IF THE JEWS RUN HOLLYWOOD, isn't it redundant to have a Jewish Film Festival? That is just one of the implications of Simcha Jacobovici and Stuart Samuels' dazzling documentary, Hollywoodism: Jews, Movies & The American Dream, which argues that the aesthetics, morals, and concerns of movies in Hollywood's Golden Age -- from the '20s till the mid '50s, a period pretty close to the Platonic ideal of what movies are all about -- were Jewish in origin. It presents the case that these movies contained the worldview of first- and second-generation Eastern European immigrants, people who built Hollywood in their own image out of bits and pieces of the American Dream. Like Neal Gabler's Empire of Their Own: How the Jews Invented Hollywood (the excellent book which it's based upon), Hollywoodism is stuffed to bursting with brilliant insights, stunning connections, and sweeping generalizations. By the end, one wishes for a long and vigorous debate with its creators.

The idea that there is something about movies that specifically speaks to the Jewish condition is also the contention of two of the finer fiction films in the festival, both of which feature young protagonists enthralled by cinema. Léa Pool's lovely Emporte-Moi is the semi-autobiographical tale of a French-Canadian teenager trapped in a prickly household, who finally finds her role model and her release in the persona of French actress Anna Karina (so luminous in Godard's Vivre sa vie). Arik Kaplun's Yana's Friends is a humorous look at Russian immigrants in Israel, and the video director who befriends the most needy and lost among them. The movie is ultimately too whimsical for my taste, but it features the best love scene in years: a groping couple in gas masks waiting out an air raid.

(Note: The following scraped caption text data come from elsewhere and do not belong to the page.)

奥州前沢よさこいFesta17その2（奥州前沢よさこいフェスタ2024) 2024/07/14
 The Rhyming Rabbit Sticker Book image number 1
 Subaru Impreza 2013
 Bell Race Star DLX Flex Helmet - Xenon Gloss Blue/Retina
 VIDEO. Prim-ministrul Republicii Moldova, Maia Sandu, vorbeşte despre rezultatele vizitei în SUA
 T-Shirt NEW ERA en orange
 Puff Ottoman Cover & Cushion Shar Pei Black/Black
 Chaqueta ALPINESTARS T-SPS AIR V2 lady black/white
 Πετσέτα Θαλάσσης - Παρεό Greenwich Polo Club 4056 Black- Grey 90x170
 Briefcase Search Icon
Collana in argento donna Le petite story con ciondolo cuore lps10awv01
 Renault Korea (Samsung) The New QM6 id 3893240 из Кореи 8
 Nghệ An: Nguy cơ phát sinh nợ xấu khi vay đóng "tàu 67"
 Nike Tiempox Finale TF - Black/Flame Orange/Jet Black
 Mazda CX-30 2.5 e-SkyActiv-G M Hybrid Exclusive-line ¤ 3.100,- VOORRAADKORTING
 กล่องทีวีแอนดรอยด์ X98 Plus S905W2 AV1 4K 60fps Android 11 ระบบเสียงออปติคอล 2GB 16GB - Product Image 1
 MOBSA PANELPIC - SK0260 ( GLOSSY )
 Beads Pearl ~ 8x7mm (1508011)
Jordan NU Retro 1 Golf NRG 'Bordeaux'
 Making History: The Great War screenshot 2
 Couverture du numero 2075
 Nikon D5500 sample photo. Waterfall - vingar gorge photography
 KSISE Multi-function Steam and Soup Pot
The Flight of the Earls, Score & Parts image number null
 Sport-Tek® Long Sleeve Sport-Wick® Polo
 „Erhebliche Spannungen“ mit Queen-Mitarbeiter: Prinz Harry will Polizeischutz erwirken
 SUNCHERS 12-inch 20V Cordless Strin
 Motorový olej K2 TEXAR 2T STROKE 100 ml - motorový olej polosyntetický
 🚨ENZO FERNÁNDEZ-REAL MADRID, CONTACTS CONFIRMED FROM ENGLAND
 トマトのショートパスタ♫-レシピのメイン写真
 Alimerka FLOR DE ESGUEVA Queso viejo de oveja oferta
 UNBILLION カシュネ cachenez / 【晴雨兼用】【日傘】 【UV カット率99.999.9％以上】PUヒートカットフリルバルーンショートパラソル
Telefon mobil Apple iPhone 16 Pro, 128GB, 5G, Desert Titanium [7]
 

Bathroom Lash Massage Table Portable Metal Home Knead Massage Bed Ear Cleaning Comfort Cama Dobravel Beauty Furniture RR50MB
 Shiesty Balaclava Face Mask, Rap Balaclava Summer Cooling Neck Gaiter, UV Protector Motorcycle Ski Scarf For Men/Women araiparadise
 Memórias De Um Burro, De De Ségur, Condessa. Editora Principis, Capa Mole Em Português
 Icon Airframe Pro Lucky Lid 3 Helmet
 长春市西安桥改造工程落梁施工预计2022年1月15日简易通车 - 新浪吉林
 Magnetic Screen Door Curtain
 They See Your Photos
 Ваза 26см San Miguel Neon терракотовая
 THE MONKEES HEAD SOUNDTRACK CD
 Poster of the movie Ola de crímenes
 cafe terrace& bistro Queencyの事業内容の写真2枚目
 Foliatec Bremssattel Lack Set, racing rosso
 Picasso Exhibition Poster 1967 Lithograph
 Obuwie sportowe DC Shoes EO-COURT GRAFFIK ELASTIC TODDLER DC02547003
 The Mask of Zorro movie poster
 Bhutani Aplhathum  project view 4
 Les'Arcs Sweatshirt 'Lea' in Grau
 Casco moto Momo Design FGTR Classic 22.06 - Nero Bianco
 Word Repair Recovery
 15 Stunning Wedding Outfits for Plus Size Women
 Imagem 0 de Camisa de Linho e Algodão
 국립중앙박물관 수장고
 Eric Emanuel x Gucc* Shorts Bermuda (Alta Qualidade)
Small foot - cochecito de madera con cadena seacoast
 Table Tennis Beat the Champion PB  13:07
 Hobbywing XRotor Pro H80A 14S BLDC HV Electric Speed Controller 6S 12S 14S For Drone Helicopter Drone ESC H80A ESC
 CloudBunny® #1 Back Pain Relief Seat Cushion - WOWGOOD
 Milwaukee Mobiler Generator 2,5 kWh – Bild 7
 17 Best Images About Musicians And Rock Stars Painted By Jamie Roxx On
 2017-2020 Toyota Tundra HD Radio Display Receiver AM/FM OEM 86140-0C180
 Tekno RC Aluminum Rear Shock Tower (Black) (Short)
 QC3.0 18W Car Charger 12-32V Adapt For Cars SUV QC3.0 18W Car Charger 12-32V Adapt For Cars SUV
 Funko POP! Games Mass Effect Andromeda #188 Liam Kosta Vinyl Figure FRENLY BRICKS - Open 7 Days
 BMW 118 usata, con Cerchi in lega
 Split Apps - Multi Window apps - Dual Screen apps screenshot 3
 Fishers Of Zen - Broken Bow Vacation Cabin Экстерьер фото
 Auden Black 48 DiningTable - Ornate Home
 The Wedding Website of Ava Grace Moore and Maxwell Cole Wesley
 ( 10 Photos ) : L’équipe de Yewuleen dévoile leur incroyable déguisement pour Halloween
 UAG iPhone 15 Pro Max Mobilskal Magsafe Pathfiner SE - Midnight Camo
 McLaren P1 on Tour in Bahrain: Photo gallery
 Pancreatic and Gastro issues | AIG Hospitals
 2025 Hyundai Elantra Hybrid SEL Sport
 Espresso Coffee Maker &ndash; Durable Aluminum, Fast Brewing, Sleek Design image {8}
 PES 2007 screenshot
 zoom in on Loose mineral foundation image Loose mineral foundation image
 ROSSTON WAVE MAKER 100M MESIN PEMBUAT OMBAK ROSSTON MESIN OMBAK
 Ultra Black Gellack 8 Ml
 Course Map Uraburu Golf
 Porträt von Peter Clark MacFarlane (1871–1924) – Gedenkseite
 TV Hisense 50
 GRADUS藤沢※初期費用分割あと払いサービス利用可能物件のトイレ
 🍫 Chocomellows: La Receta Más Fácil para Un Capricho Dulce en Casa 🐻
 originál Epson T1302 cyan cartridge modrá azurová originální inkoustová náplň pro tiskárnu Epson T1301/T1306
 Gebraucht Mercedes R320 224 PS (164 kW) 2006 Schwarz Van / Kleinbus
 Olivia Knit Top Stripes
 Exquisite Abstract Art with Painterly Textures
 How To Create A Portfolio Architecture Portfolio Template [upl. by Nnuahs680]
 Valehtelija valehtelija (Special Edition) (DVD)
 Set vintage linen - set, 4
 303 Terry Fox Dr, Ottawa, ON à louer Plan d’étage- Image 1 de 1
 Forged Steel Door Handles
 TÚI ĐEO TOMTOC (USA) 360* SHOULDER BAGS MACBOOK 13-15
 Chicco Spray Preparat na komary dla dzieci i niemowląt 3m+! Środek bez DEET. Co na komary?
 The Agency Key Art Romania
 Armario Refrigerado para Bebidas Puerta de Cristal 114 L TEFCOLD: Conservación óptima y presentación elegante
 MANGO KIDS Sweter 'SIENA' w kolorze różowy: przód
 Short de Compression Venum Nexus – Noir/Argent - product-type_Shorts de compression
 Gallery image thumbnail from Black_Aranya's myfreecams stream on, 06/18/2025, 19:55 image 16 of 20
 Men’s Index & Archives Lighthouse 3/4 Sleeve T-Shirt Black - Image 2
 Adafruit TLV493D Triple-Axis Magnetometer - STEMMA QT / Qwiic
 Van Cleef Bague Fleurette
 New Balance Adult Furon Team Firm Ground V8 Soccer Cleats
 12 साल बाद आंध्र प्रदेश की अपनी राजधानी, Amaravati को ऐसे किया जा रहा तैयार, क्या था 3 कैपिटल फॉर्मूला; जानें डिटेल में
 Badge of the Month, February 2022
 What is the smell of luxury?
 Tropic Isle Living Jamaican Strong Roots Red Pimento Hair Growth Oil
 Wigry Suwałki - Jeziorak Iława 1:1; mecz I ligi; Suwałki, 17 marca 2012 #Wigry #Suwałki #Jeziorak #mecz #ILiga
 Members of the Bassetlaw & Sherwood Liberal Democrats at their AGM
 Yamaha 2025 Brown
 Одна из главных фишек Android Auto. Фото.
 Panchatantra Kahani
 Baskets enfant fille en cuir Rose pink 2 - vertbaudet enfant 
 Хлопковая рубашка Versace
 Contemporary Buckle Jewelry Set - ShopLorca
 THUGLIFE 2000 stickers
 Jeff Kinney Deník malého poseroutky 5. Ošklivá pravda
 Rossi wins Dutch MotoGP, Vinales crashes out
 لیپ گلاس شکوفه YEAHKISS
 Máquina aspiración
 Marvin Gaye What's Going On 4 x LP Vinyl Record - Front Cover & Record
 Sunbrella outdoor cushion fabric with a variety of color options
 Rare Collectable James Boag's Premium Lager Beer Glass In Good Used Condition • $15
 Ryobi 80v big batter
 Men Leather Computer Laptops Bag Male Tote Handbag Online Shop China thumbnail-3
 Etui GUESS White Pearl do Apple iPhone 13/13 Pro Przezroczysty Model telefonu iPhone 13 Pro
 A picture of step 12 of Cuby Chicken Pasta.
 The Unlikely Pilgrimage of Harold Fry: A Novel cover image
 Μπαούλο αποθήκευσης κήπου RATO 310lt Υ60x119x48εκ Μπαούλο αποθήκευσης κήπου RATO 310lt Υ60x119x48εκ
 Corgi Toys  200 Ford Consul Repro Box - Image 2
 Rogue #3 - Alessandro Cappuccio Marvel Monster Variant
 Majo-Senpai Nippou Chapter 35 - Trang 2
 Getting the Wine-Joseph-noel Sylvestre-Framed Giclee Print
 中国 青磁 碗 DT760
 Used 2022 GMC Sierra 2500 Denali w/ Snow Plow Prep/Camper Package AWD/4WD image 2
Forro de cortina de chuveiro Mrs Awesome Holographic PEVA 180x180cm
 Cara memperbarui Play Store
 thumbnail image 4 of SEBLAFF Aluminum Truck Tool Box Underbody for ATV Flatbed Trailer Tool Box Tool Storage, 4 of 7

The dreams of assimilation by the studio heads is one of the central arguments in Hollywoodism, and that concern is also foremost in two documentaries about Ethiopian Jews in Israel: Daniel Wachsmann's Menelik: Black Jewish Prince, and Pamela Love's The Color of Jewish. The former is the more poetic and unapologetic about staging scenes; the latter, straightforward and informative. I suspect they play better paired-up than they would apart. The fears of anti-Semitism that ignite assimilationist dreams are the subject of many other documentaries in the festival, most of which are perfectly earnest and well-made efforts that, unfortunately, fall a little on the dull side.

There is plenty more to choose from -- everything from an animated version of Anne Frank's diary to the fun, but ultimately grating mockumentary Who's the Caboose, about actors trying to score a TV pilot. You can decide for yourself what looks promising and what must be avoided. After all, your favorite movies probably have nothing in common with mine -- beyond, of course, their roots in Jewish culture.